Below is a block of entries; repeat all of it exactly but omit the pictures.
+++++
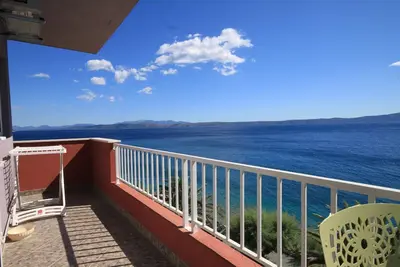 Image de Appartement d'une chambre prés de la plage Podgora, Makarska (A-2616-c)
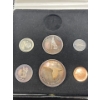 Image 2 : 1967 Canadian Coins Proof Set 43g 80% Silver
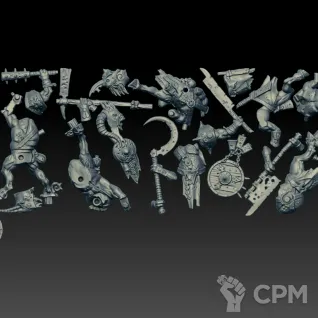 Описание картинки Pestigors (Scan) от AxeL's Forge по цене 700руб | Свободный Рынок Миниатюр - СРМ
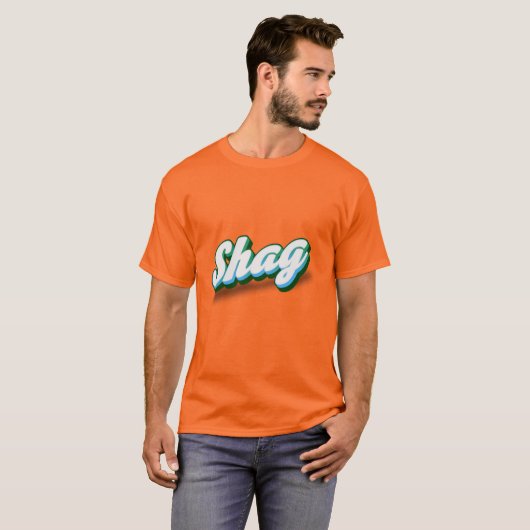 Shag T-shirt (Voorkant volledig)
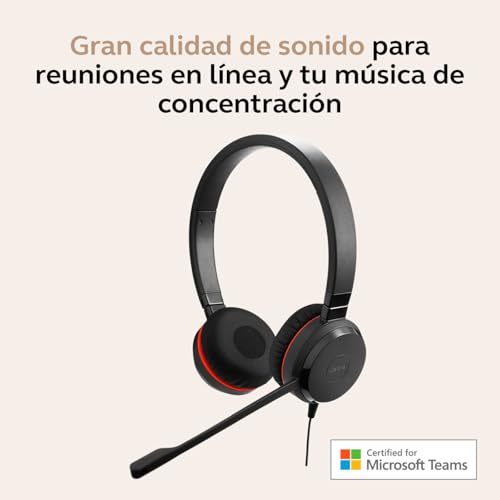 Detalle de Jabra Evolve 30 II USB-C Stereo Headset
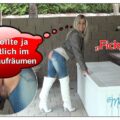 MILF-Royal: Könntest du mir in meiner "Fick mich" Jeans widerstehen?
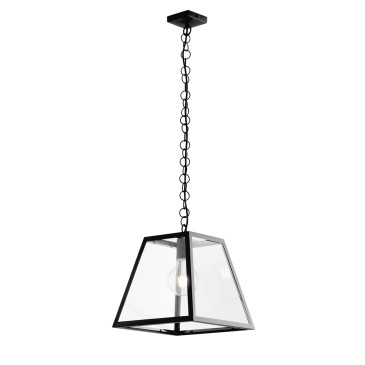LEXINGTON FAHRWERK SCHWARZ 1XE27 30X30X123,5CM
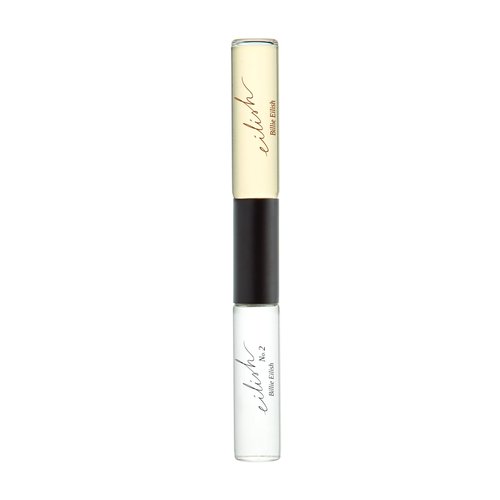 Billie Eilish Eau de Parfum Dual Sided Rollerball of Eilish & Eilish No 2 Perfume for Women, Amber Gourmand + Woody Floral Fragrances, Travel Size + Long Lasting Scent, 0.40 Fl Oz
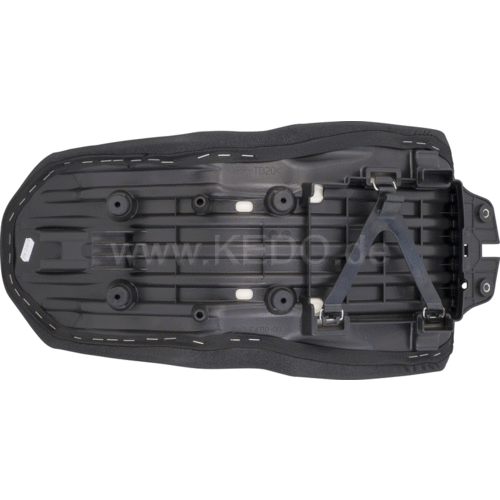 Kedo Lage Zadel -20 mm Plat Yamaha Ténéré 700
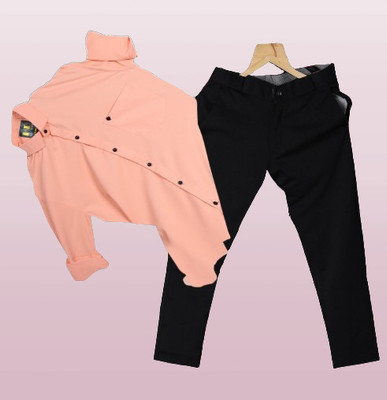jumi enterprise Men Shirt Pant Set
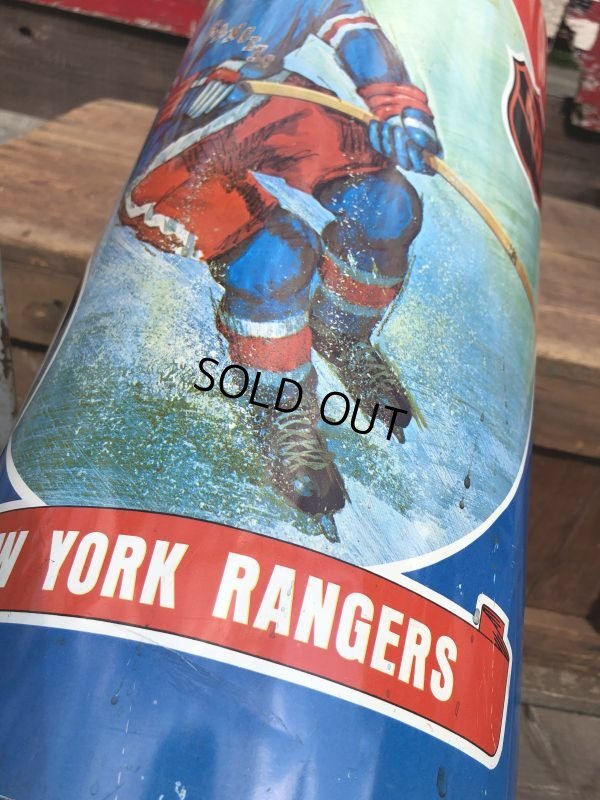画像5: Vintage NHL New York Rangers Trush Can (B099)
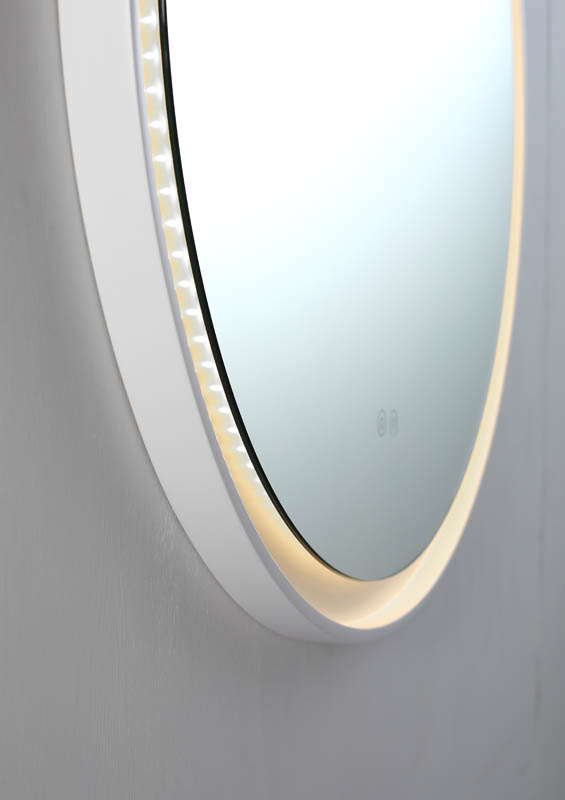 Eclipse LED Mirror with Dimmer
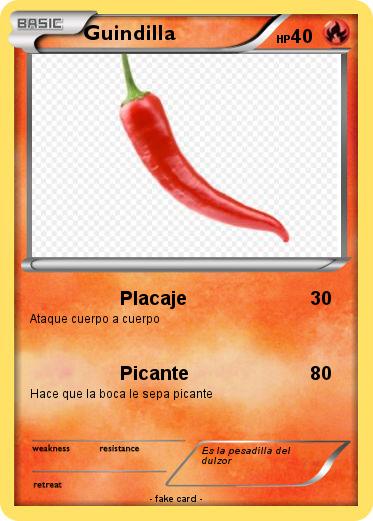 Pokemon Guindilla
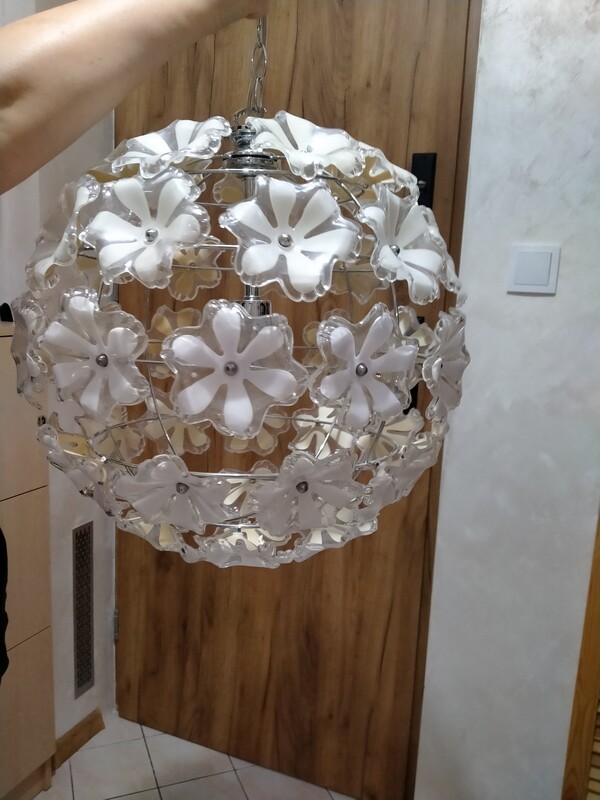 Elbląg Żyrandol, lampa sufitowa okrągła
+++++
- _Expected output_:
 Image de Appartement d'une chambre prés de la plage Podgora, Makarska (A-2616-c)
 Image 2 : 1967 Canadian Coins Proof Set 43g 80% Silver
 Описание картинки Pestigors (Scan) от AxeL's Forge по цене 700руб | Свободный Рынок Миниатюр - СРМ
 Shag T-shirt (Voorkant volledig)
 Detalle de Jabra Evolve 30 II USB-C Stereo Headset
 MILF-Royal: Könntest du mir in meiner "Fick mich" Jeans widerstehen?
LEXINGTON FAHRWERK SCHWARZ 1XE27 30X30X123,5CM
 Billie Eilish Eau de Parfum Dual Sided Rollerball of Eilish & Eilish No 2 Perfume for Women, Amber Gourmand + Woody Floral Fragrances, Travel Size + Long Lasting Scent, 0.40 Fl Oz
 Kedo Lage Zadel -20 mm Plat Yamaha Ténéré 700
jumi enterprise Men Shirt Pant Set
画像5: Vintage NHL New York Rangers Trush Can (B099)
 Eclipse LED Mirror with Dimmer
 Pokemon Guindilla
 Elbląg Żyrandol, lampa sufitowa okrągła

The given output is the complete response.